Search code examples
pythonseleniumweb-scrapinglist-comprehensionwebdriverwait

How to scrape the names of all the artists from the table using Selenium and Python?


I am trying to scrape a website of the top 1000 artists and append them to a list in order to perform a lyrical analysis by searching the artists' names. The website I am using has the option to display All 1000 artists at once and so I used selenium to select that choice. From there, I find the artist names and have them in a list of WebElements. I iterate through the list in order to get the text element and append it to my list. The program keeps throwing a StaleElementReferenceException after obtaining a certain number of artists as shown below.

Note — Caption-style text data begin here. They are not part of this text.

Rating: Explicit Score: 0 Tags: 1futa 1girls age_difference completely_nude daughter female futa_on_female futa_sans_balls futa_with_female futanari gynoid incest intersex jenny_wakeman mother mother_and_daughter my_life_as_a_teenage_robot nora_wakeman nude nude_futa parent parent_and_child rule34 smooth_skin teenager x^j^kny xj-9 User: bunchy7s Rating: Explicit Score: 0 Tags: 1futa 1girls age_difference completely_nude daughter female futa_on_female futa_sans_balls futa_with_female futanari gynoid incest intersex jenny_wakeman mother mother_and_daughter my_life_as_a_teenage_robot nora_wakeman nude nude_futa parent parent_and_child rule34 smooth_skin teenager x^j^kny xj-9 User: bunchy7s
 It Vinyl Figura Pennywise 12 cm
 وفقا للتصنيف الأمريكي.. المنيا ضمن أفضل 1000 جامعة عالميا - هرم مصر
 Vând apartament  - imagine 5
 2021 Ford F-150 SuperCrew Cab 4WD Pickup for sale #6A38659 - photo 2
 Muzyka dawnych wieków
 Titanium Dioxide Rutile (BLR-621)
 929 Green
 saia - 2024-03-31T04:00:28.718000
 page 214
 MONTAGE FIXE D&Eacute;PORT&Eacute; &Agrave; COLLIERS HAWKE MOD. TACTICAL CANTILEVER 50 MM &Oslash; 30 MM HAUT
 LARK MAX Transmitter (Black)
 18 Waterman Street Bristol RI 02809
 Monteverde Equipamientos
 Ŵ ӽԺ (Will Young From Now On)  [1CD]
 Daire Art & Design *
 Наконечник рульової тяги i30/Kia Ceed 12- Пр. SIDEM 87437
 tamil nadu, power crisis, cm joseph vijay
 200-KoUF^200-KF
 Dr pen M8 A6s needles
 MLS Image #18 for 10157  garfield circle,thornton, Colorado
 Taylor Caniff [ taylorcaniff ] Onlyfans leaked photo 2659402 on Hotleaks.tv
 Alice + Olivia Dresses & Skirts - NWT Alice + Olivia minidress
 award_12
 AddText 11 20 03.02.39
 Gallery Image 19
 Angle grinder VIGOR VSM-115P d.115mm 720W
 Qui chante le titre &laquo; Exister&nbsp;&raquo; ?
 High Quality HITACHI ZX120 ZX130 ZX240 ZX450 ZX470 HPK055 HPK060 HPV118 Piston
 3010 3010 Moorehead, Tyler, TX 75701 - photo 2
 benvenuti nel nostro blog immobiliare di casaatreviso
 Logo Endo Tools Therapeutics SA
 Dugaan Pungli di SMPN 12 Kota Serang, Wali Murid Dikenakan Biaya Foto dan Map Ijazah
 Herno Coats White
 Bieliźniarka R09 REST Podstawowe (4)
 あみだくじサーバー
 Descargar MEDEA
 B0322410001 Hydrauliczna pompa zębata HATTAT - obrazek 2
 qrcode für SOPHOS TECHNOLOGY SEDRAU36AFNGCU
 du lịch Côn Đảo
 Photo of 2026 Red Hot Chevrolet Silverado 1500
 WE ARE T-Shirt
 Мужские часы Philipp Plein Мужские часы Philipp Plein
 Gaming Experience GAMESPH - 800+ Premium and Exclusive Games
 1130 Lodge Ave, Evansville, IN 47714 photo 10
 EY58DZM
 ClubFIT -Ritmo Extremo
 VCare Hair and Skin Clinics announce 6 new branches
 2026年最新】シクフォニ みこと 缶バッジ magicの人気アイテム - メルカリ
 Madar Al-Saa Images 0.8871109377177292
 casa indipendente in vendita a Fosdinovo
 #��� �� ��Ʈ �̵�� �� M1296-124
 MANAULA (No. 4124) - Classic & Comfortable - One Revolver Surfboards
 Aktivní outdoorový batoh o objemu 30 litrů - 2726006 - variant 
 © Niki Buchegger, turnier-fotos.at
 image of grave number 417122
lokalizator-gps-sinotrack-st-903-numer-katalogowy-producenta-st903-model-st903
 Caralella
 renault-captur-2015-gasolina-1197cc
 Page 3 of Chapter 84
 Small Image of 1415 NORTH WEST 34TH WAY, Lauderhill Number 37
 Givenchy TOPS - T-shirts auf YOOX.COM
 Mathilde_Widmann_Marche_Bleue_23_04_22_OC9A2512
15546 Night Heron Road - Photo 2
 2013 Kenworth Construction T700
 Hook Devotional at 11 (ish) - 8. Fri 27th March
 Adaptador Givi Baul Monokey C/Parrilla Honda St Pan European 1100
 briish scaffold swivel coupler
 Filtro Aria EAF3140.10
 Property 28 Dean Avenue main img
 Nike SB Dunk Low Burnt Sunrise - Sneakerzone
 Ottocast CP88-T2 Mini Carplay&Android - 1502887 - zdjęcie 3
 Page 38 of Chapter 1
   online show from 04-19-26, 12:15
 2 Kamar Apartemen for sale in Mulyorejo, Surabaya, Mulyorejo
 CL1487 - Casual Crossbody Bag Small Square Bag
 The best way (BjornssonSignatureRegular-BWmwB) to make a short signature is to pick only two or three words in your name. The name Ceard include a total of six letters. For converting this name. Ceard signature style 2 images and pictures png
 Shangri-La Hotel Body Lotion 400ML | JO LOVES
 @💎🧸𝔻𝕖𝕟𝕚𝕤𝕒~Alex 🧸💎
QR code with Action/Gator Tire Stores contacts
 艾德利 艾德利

enter image description here

I tried a number of suggested options such as using a wait until statement or a try and catch statement but ended up crashing the program. Most solutions I have seen occurred when clicking or interacting with a web element however I am not changing anything on the page after I select my option so I am not sure where I am going wrong. I am fairly new to selenium so I am not sure if this is the best way to obtain the artist names. Any help would be appreciated.

My code:

from selenium import webdriver
from selenium.webdriver.support.ui import Select
from selenium.webdriver.common.by import By
from webdriver_manager.chrome import ChromeDriverManager

driver = webdriver.Chrome(ChromeDriverManager().install())
driver.get('https://chartmasters.org/most-streamed-artists-ever-on-spotify/')

try:
    # get the select tag
    select = Select(driver.find_element(By.TAG_NAME,'#table_1_length > label > div > select'))
    # select by value (select All option to get all 1000 artists)
    select.select_by_value('-1')

    all_artists = []
    all_artists_references = driver.find_elements(By.CLASS_NAME, 'bolded.column-artist-name')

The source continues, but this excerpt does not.